I want to detect a missing space following a punctuation and an extra space before punctuation. I attempted to use a regex to match [A-Za-z0-9][?.,:!][A-Z]
and [A-Za-z0-9]\s+[?.,:!]
, but both of these return None
when applied to the string Something is in the air tonight.Or is it ?
.
import re
mystring = "Something is in the air tonight.Or is it ?"
missing_space_regex = re.compile('[A-Za-z0-9][?.,:!][A-Z]')
print(missing_space_regex.match(mystring))
extra_space_regex = re.compile('[A-Za-z0-9]\s+[?.,:!]')

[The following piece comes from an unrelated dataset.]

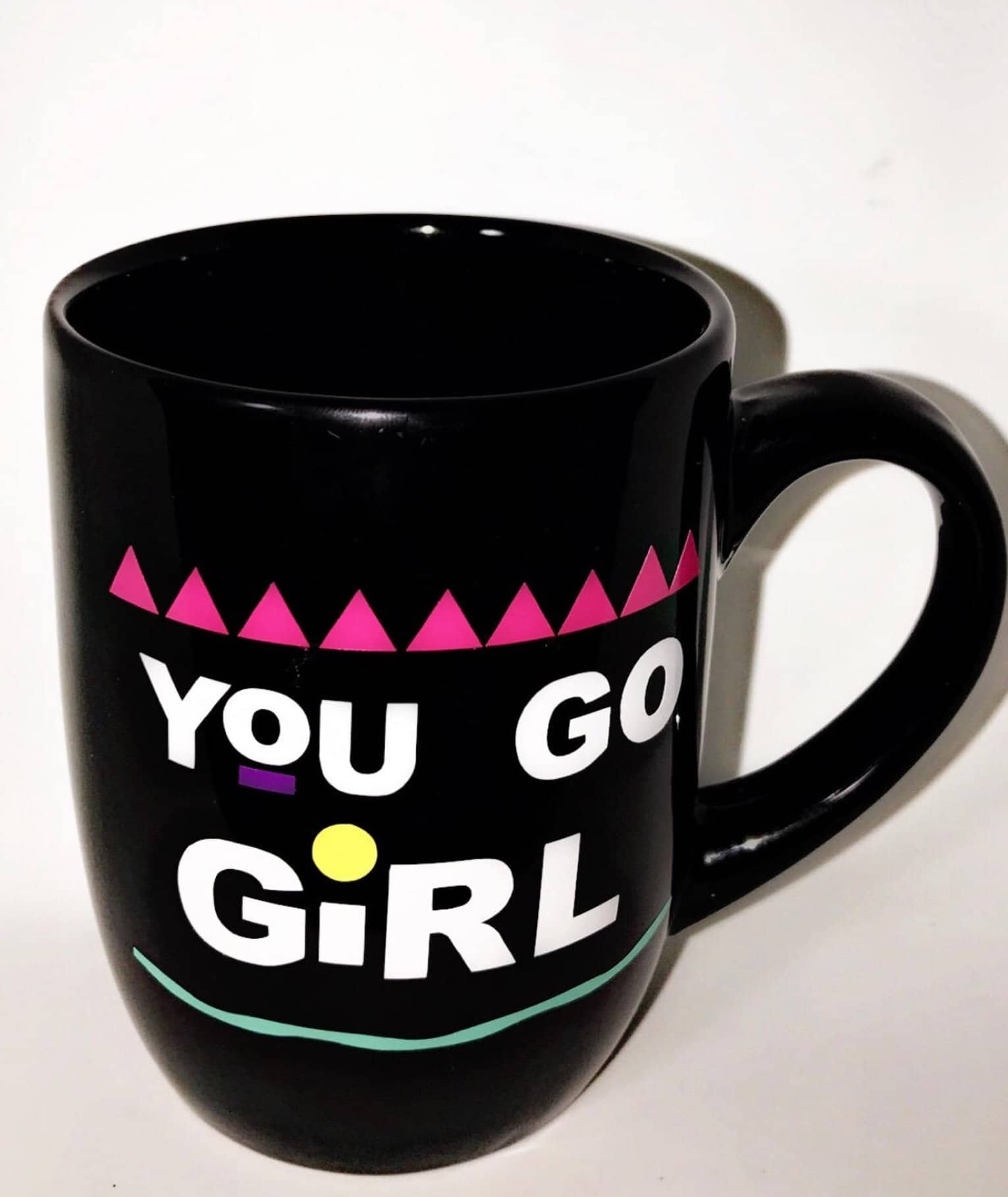 10 Coffee Mugs Every Black Woman Needs To Start Her Day Off Right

print(extra_space_regex.match(mystring))
I realize that the extra_space_regex
as above will not detect the case where the text begins with a punctuation, but I can handle that as a special case.
If you can use regex
instead of re
, you could take advantage of regex Unicode character classes, like \p{P}
for a punctuation character:
import regex
mystring = "Something is in the air tonight.Or is it ?"
missing_space_regex = regex.compile(r'.*?\p{P}\S')

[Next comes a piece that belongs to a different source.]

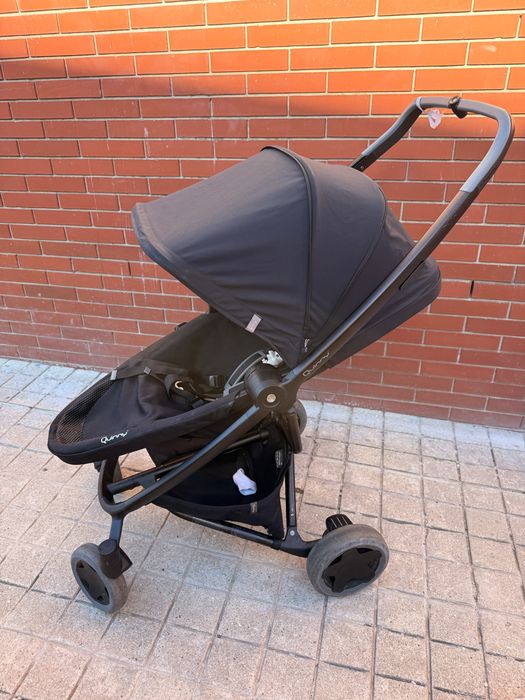 Quinny Zapp Flex Plus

print(missing_space_regex.match(mystring))
extra_space_regex = regex.compile(r'.*?\s\p{P}')
print(extra_space_regex.match(mystring))
Outputs:
<regex.Match object; span=(0, 33), match='Something is in the air tonight.O'>
<regex.Match object; span=(0, 42), match='Something is in the air tonight.Or is it ?'>
Or if you do want to use your chosen punctuation characters and re
:
punc = "?.,:!"
missing_space_re = re.compile(f".*?[{punc}]\S")
print(missing_space_re.match(mystring))
extra_space_re = re.compile(f'.*?\s[{punc}]')
print(extra_space_re.match(mystring))